Supply and Demand Explained

How does supply and demand work?

Supply and demand is the fundamental economic model that explains how prices are determined in a market. When the amount of a product available (supply) and the amount people want to buy (demand) interact, they create an equilibrium price where buyers and sellers agree.

Steps

  1. Understand demand: As prices decrease, more people are willing and able to buy a product, so demand increases. As prices increase, fewer people buy, so demand decreases.
  2. Understand supply: As prices increase, producers are willing to make and sell more of a product because they can earn more profit.

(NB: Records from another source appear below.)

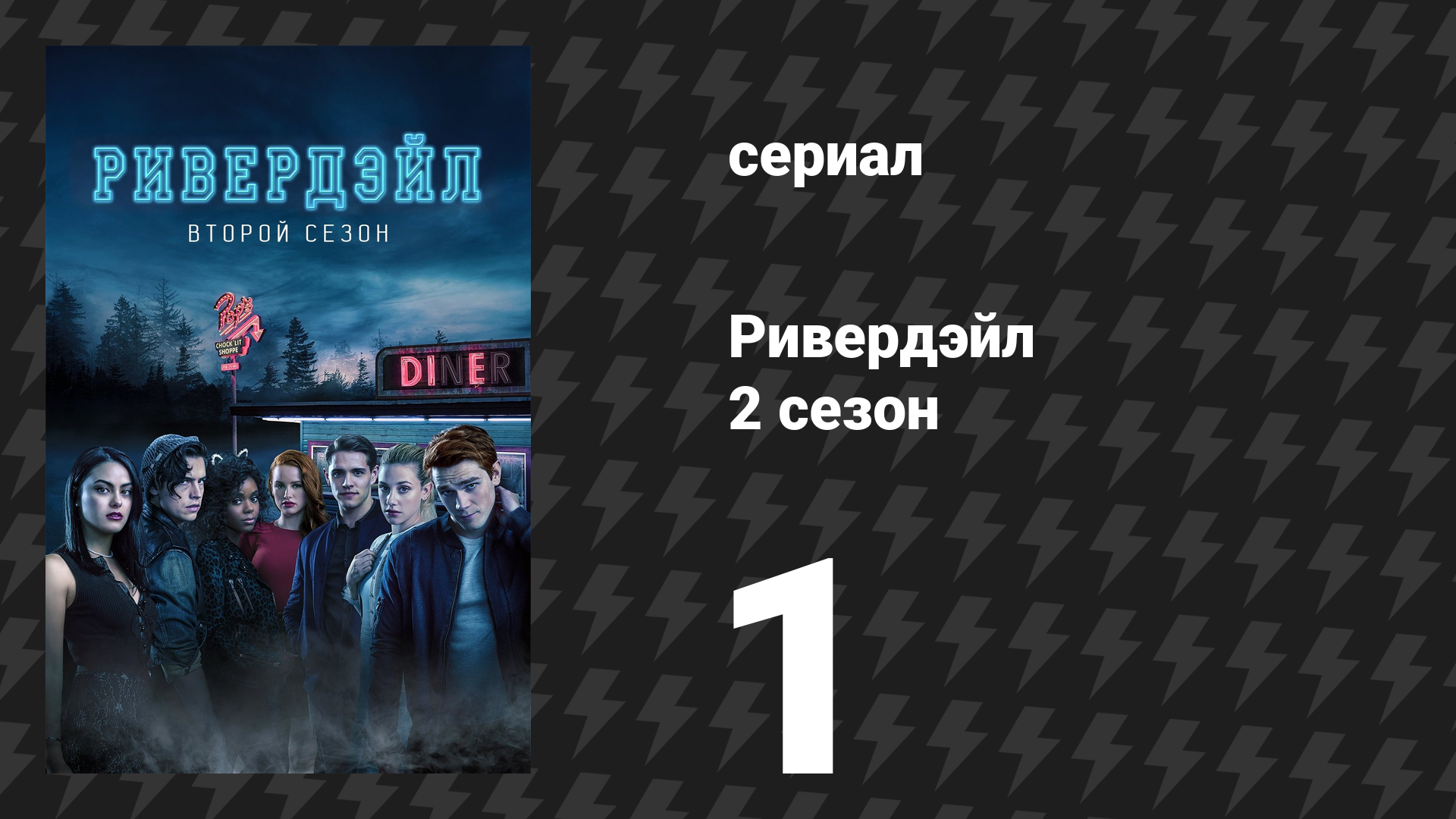 Ривердейл 2 сезон 1 серия «Глава четырнадцатая: Поцелуй перед смертью» (сериал, 2017) смотреть онлайн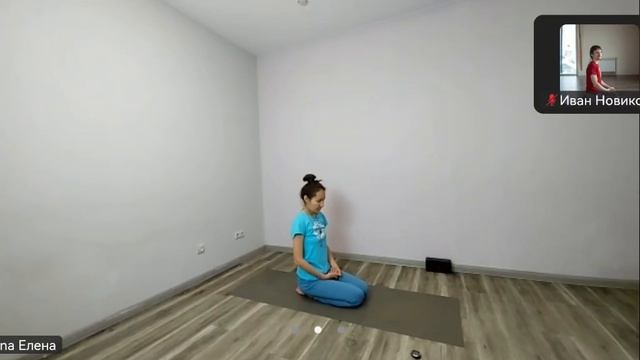 Асаны 40 минут 31.03.26 онлайн занятие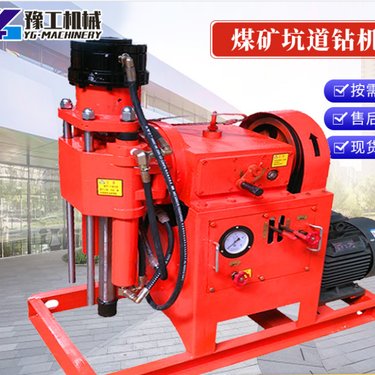 矿用坑道钻机11KW-15KW双液注浆钻孔一体机 隧道地质勘探取芯机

As prices decrease, producers make less because it's less profitable.
  3. Find equilibrium: The market naturally moves toward an equilibrium price where the quantity suppliers want to sell equals the quantity consumers want to buy.
  4. Recognize shifts: Changes in factors like consumer income, production costs, preferences, or number of buyers and sellers can shift the entire supply or demand curve, creating a new equilibrium price.

Worked example

Imagine a new smartphone is released at $800, but only a few people buy it (low demand, high price). The company lowers the price to $600, and more people purchase it. Meanwhile, if production costs increase, the company might reduce how many phones they make at that price (decreased supply). Eventually, the market settles at perhaps $650, where the number of phones produced matches the number people want to buy.

Remember

Supply and demand work together like a balance: when one side changes, price adjusts until the market reaches a new point where supply equals demand.